Sequential Decision-Making Under Stochastic Uncertainty

14 Aug 2023 13:44

Yet Another Inadequate Placeholder.

That said... I'm interested in the theory of optimal decision-making, when you need to make multiple decisions over time, and there is non-trivial stochastic uncertainty, either because the effects of your actions are somewhat random, or because you can only coarsely and noisily measure the state of the system you're acting on. I am particularly interested in the extent to which optimal strategies can be learned, in the usual "probably approximately correct" sense of computational learning theory. Here it seems that there is a potentially very important difference between trying to learn an optimal strategy on the basis of merely historical, haphazard data, versus actually performing experiments. In fact, in some sense the best way to learn about the optimal policy may be to experiment with a totally random policy, because the data you gather from such an experiment is totally free of outside, confounding factors. (Similarly, one way to learn about the properties of a nonlinear system is to measure its response to white noise; this is the Wiener method for transducers.)

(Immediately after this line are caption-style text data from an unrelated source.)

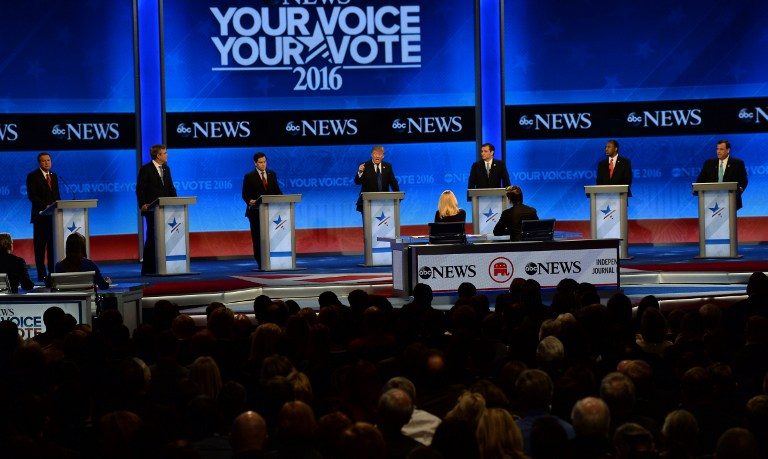 THE RACE SO FAR. Republican presidential candidates participate in the Republican Presidential Candidates Debate February 6, 2016 at St. Anselm's College Institute of Politics in Manchester, New Hampshire. Jewel Samad/AFP 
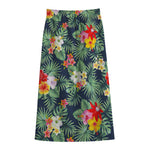 Summer Tropical Hawaii Pattern Print Cotton Front Slit Maxi Skirt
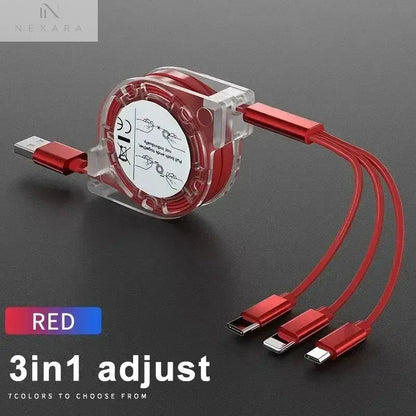 3-in-1 Telescopic Fast Charging USB Cable: Versatile Charging Solution for Apple, Type C, and Android Devices with 3A Compatibility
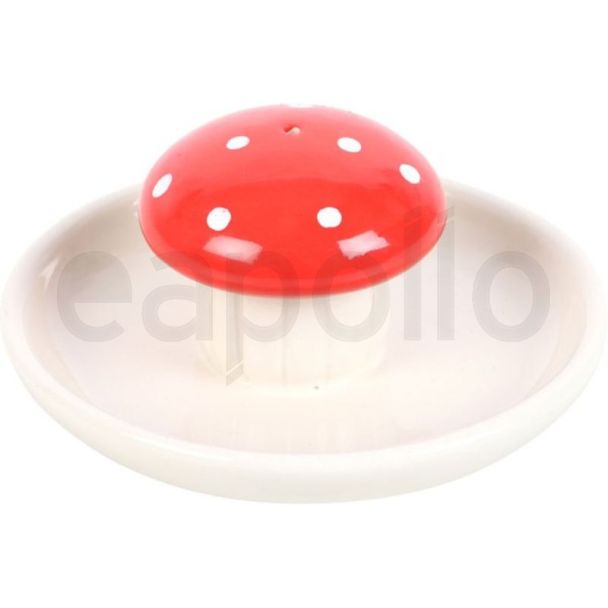 Red Mushroom Ceramic Incense Stick Holder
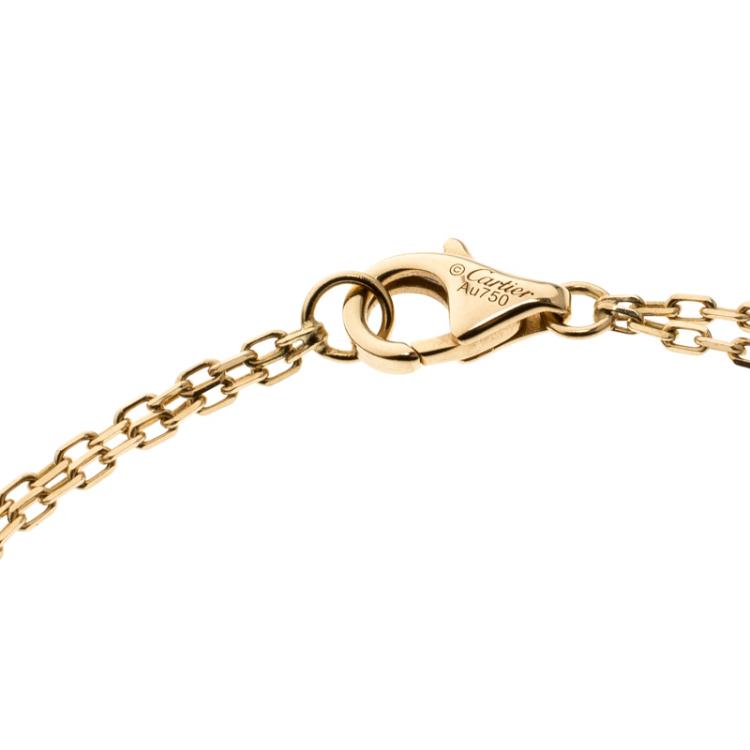 Pre Owned Cartier Love Diamond & 18k Yellow Gold Chain Bracelet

Finding the optimal strategy turns out to be a very hard problem, both computationally and statistically, and it seems staggeringly unlikely that most human beings, when faced with such situations, respond in anything like the optimal manner. (This is part of the reason things like DSGE models in macroeconomics are crazy.) Or, rather, if we do act optimally, it's with respect to a non-obvious criterion.

Related or subsidiary topics which will also show up here: Partially-observable Markov decision processes, reinforcement learning, etc., etc.

People sometimes distinguish between "risk", which can be represented stochastically, i.e., as a probability distribution, and "uncertainty", where there is simply no basis for assessing frequencies or the like. Decision-making under such strong or genuine uncertainty is a very different problem, better addressed using the tools of low-regret learning.